Task item: Would you transcribe the entries below, beginning at the line with "22、蒜蓉小龙虾,和白胡椒粉" and ending after the line with "Вижте как върнаха", exactly, with no picture and nothing more?

Records for processing:

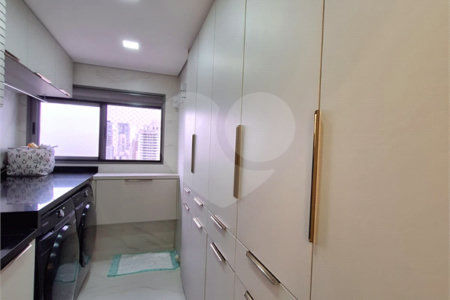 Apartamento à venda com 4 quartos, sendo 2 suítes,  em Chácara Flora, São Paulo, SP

* * *

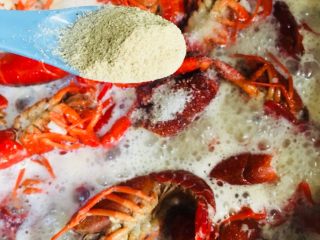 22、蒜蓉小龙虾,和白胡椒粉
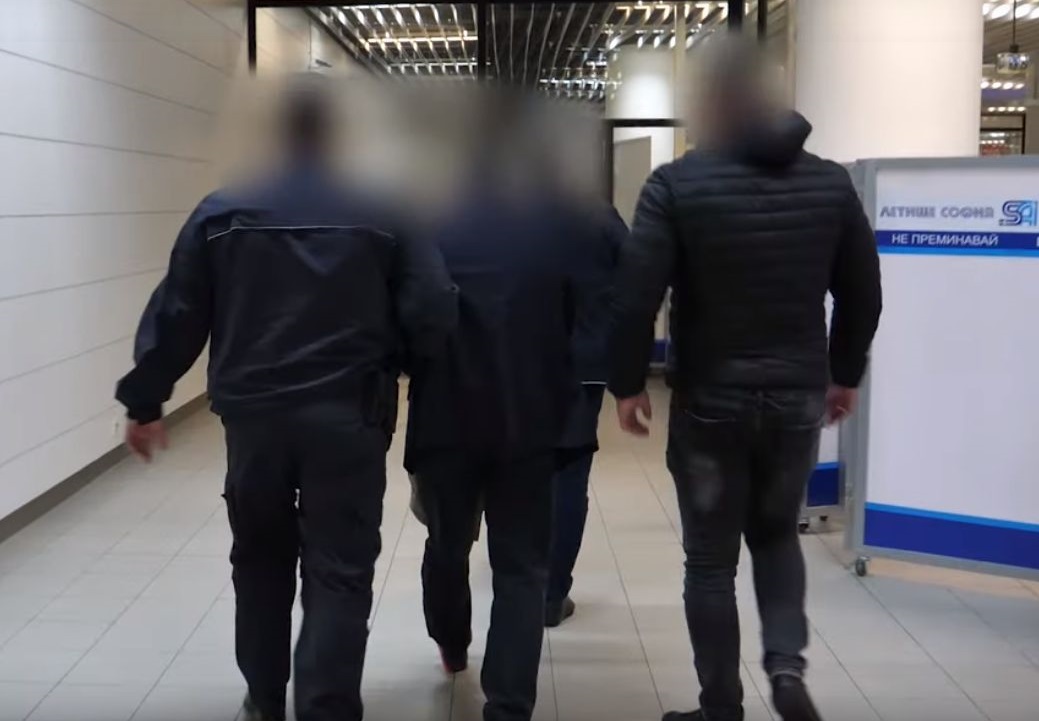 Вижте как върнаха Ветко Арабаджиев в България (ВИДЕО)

---

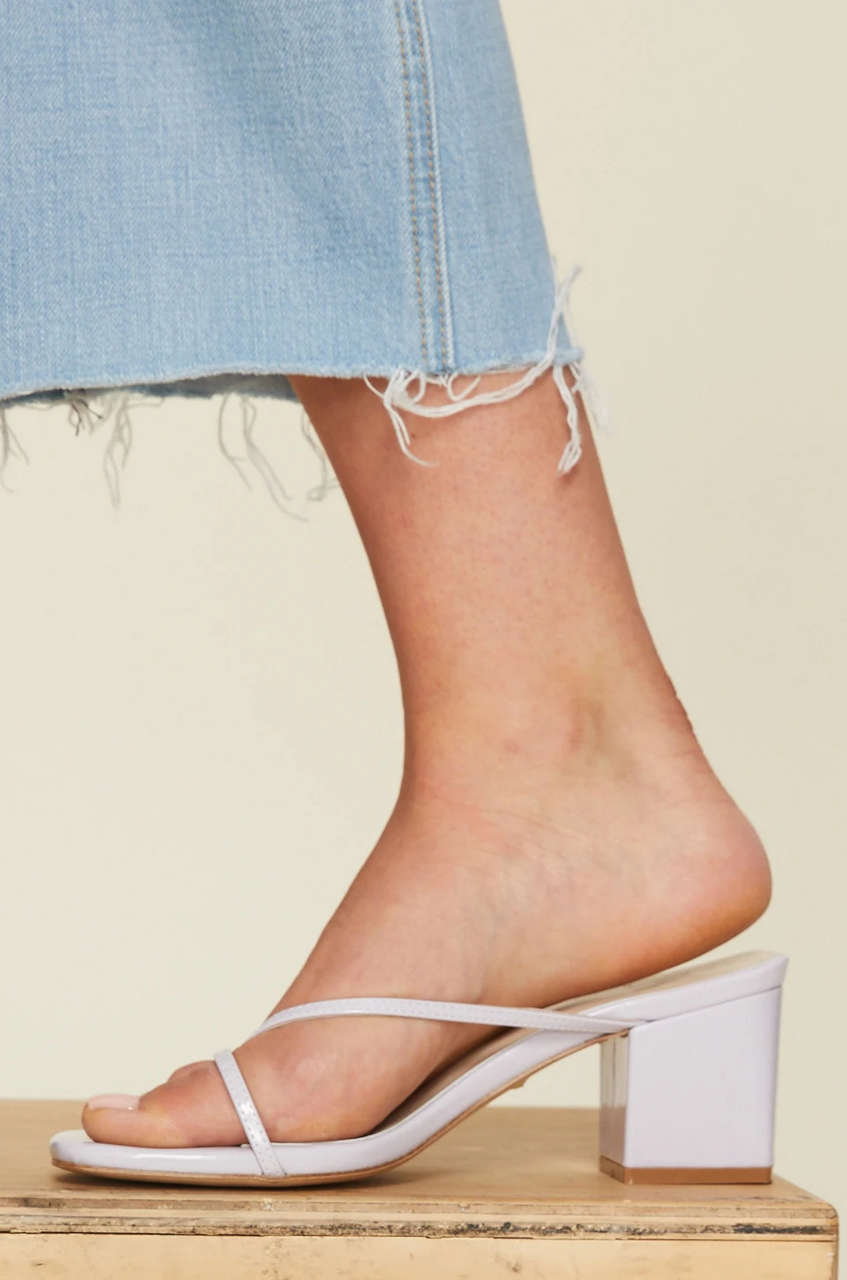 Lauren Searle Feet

Task answer:
 22、蒜蓉小龙虾,和白胡椒粉
 Вижте как върнаха Ветко Арабаджиев в България (ВИДЕО)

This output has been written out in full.